The same style of strstr-matching is used throughout the
library - on the xpath syntax it also refers to strstr-style
matching of attribute-names. The exact-matching style (i.e.
strcmp-style) is the default and strstr-style selected with
a leading "*" in the match-expression part.

 xpath comparison

The most common usage of xpath expression takes the abbeviated
syntax that is largely similar to a filepath specification. In
xpath each of the selects can be followed by an assertion 
check. None of these assertion checks are implemented for the
selection processing here. However, we can compare the formats
that are provided.

For example, the form "//A" is equivalent to an xpath selection
expressed as "//*[name()='A']" - in wording it says to select
all nodes with a name equal to 'A'. Likewise we have to note
that the attribute-assertion above has actually to be put into
such assertion checks, i.e. "//*@id" is equivalent to an xpath
selection of "//*[@id]".

The strstr matching above has an equivalent in xpath selection
expressions as well - a query of "//*AA" is equivalent to
"//*[contains(name(),'AA')]". OTOH, I am currently not aware of 
any xpath selection being equivalent to "//*@*AA" but you got
the point.

 xpath extensions

It would be nice to implement a number of functions for the
xpath postfix bracket-syntax, something like "//H1[not(@id)]"
would be nice to select all nodes of name H1 that do not yet 
have any "id" attribute. Others could be useful as well, as
the count() or atleast logical operators to follow up some
functions, i.e. "//*[count() < 5]".

OTOH, I do not intend to implement the prefix axis specifications
at any point - the "/" is said to be equivalent to an axis
specification of "/child::" and "//" is said to be equivalent
to "/descendant-or-self::". The others like "following-sibling"
can not be expressed, hopefully most of it can be expressed
in terms of forward-assertions on a postfix bracket syntax.

 pcre matching

About all xpath routines have a cousin in the xmlpcre part of
this project - there all perl-style regular expressions are
applied - and including a handy name1|name2 syntax. Per default
the pcre must match the complete name (i.e. the default is in
fact "^(?:name1|name2)$") which can again be reduced to match
any subportion by giving a leading "*".

The style of name-matching is defined more in-depth in a later
document. Of course, the PCRE machine will not see a leading
"*" on such a pcre-name match, it just gets different modifier
flags. The `make check` shows a lot of example how xpath's
may look like in xmlglib and its xmlpcre part.

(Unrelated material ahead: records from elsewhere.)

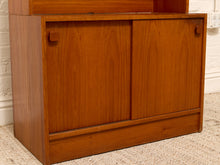 Load image into Gallery viewer, A mid-century modern wooden cabinet with two sliding doors, warm medium-brown teak wood grain, and round wooden knobs, set against a white brick wall and beige carpet.
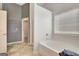 Bright bathroom with a tub, a walk-in shower, and tile floors at 529 Dasheill Ln, Atlanta, GA 30349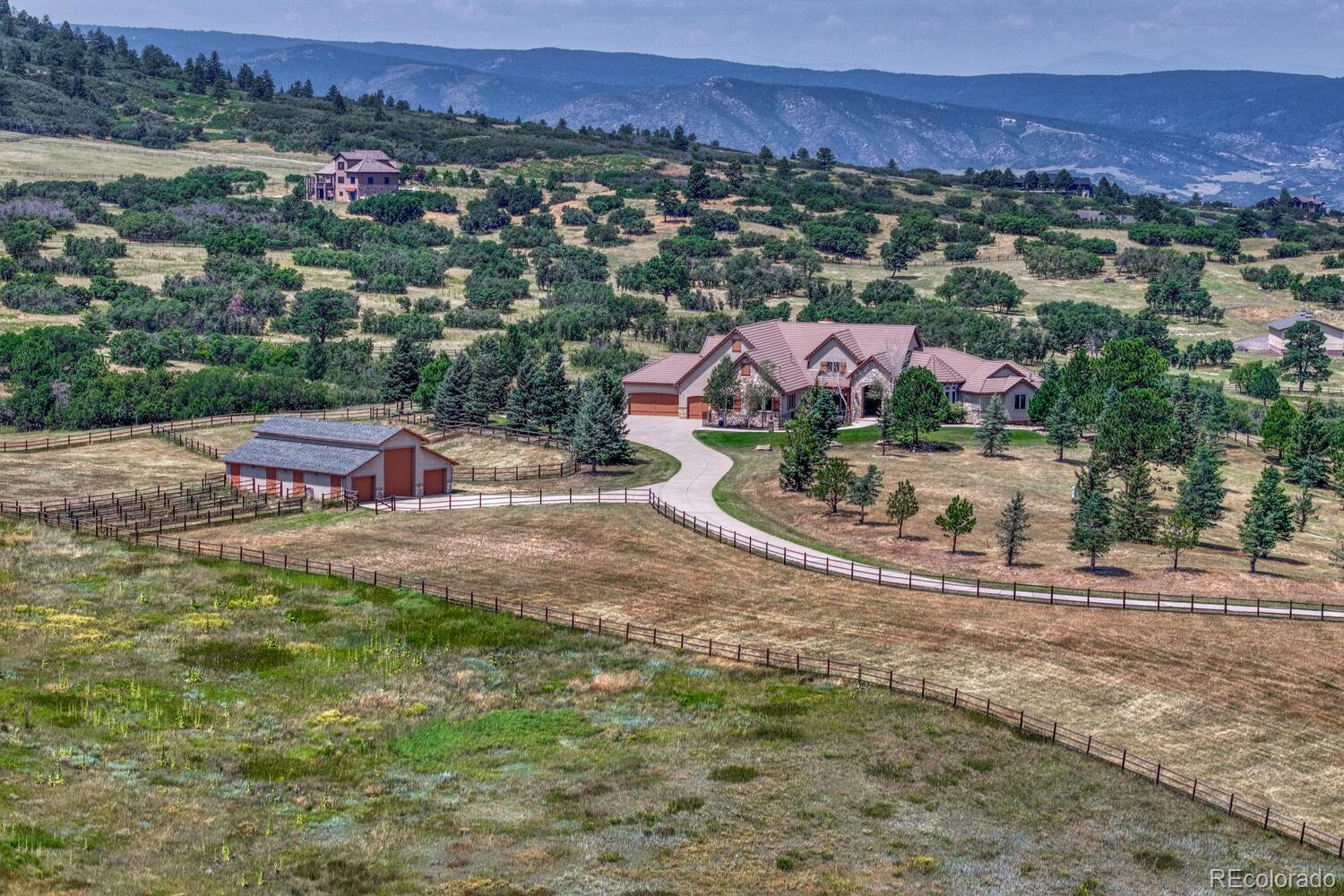 3851 Castle Butte Drive Castle Rock, CO 80109 - Photo 49 of 50 an aerial view of residential houses and outdoor space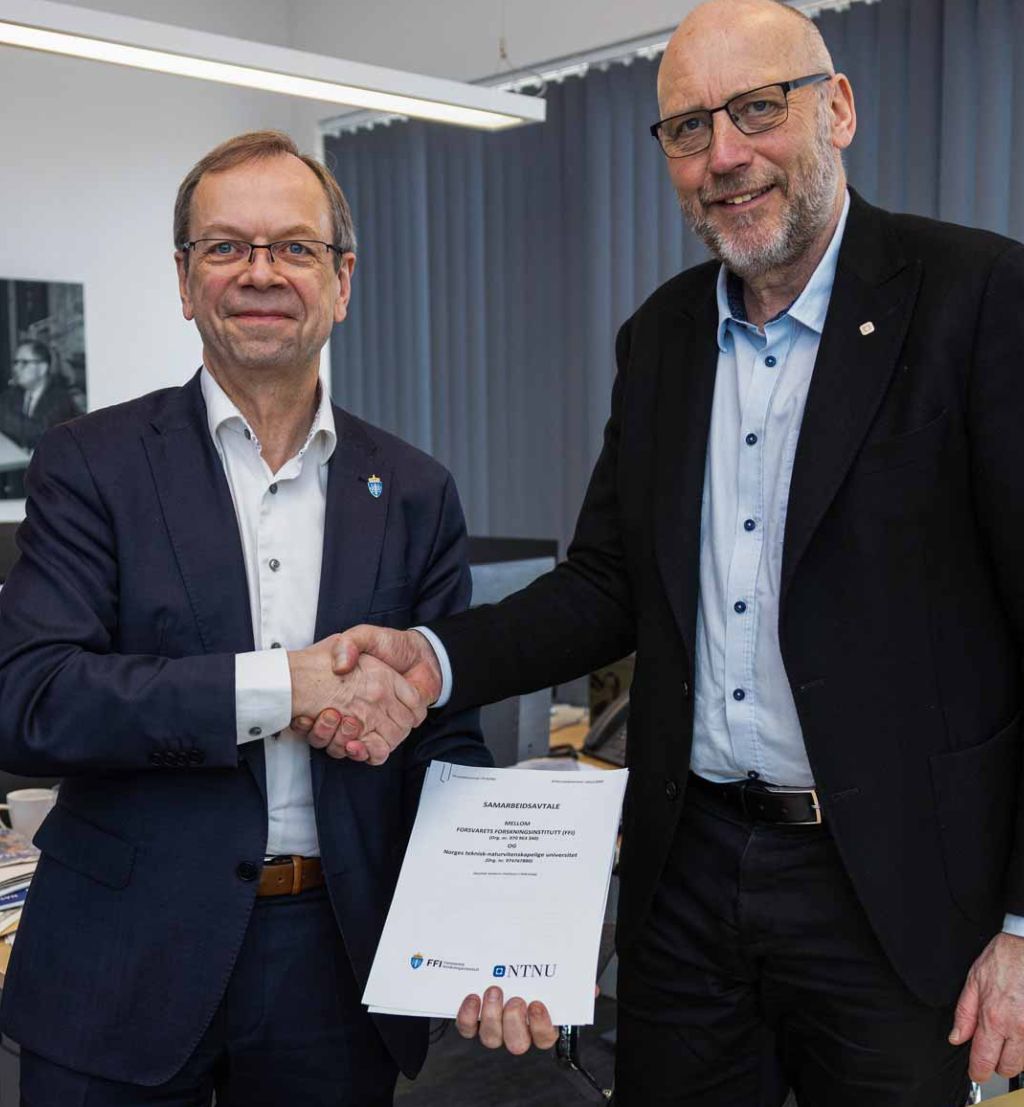 Kenneth Ruud og Tor Grande tar hverandre i hånden etter å ha signert avtalen.
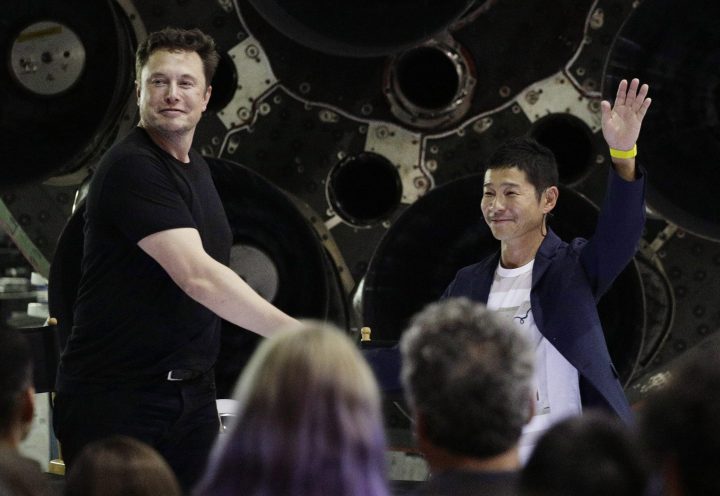 SpaceX founder and chief executive Elon Musk, left, shakes hands with Japanese billionaire Yusaku Maezawa, right, after announcing him as the first private passenger on a trip around the moon, Monday, Sept. 17, 2018, in Hawthorne, Calif.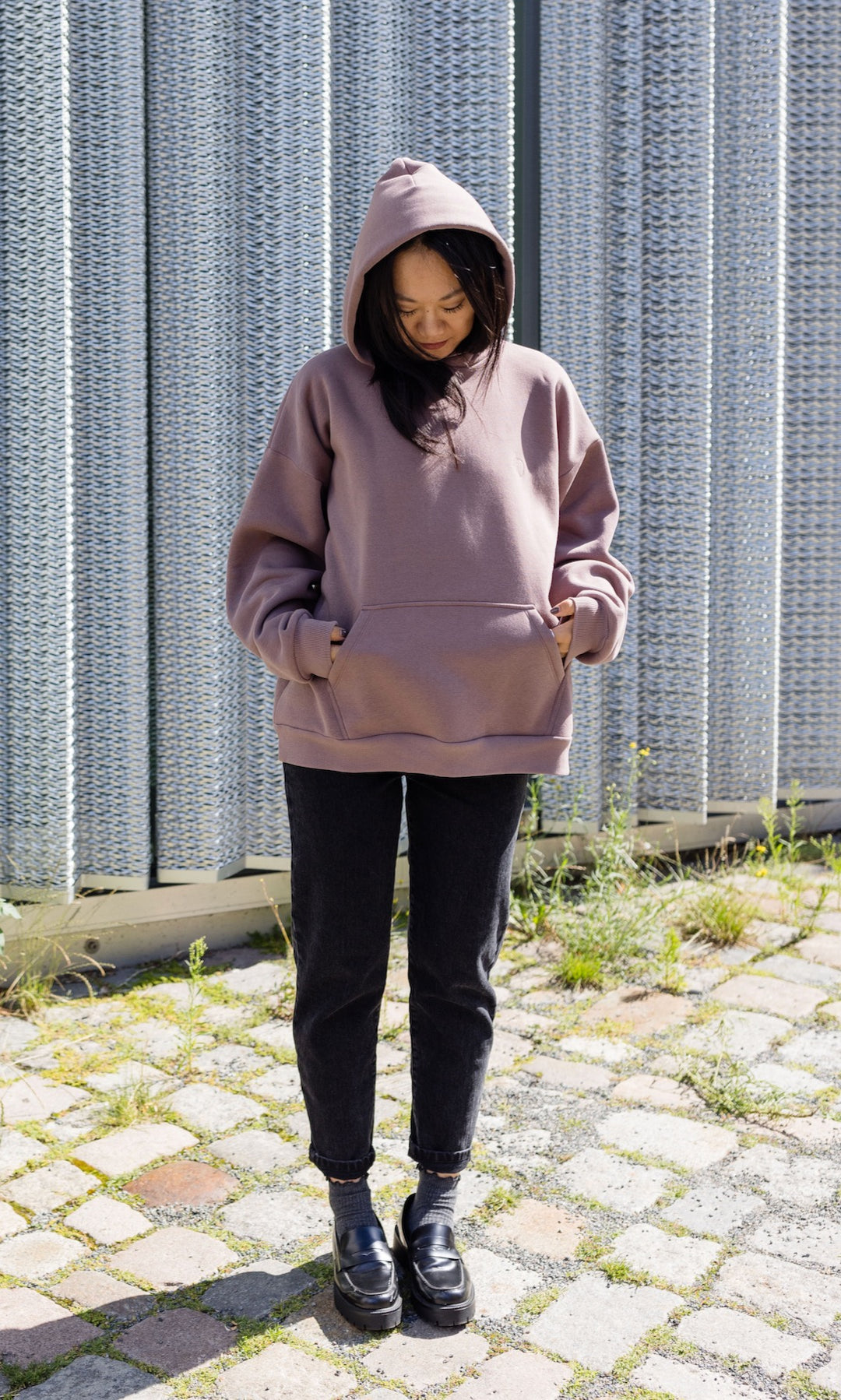 Still Hoodie in aubergine rot stehend mit schwarzer Hose und Stiefeln vor grauer Wand Kapuze auf Kopf Hände in Tasche von vorne Blick nach unten 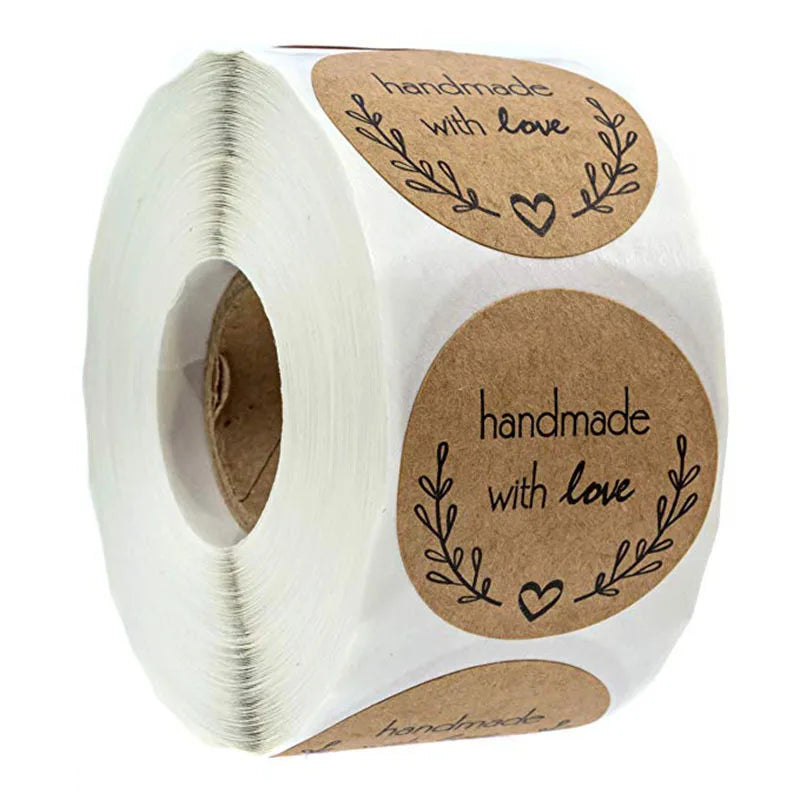Roll of white kraft paper with handmade with love stickers on the label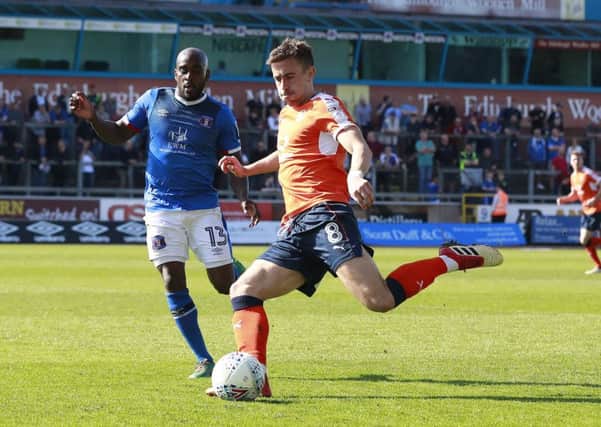 Hatters midfielder Olly Lee chips the ball forward against Carlisle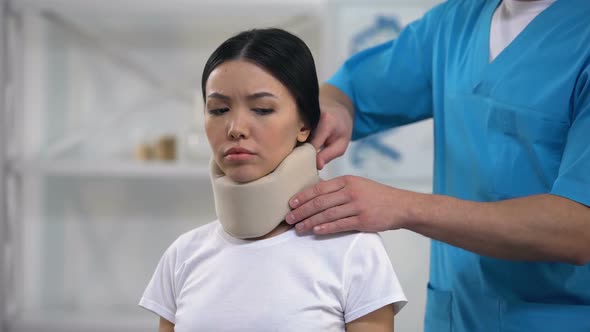 Male Orthopedist Fixing Sad Female Patient Foam Cervical Collar After Trauma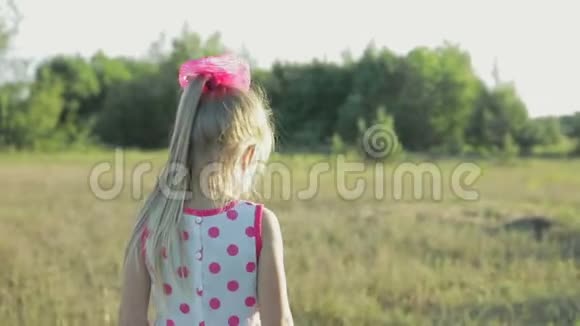 穿着红色图案的白色短裙跑过田野的小女孩视频的预览图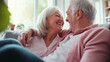 © Curioso.Photography - Happy senior couple sits close together on a couch, smiling warmly at each other in a cozy home setting.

a warning herein: the "|"-syntax of PCRE does somewhat 
interfere with the xpath selection syntax - there it 
separates entire paths, i.e. "//A/B|//A/C" in xpath .vs.
"//A/B|C" in pcre matching. In the xmlpcre matching part
we always make a regular expression match on the name part, 
not the path as a whole.

 not yet implemented

It would be nice to add the "=" syntax all about the xpath
selectors, i.e. name=text matches nodes with "name" having
a text-content of "text", and more importantly all the
*@attrib=value would match with any node having an attribute
of the given name that furthermore has the given value. It
is of course possible then to use PCRE expressions to do the
selection-match, not only strcmp-style matching.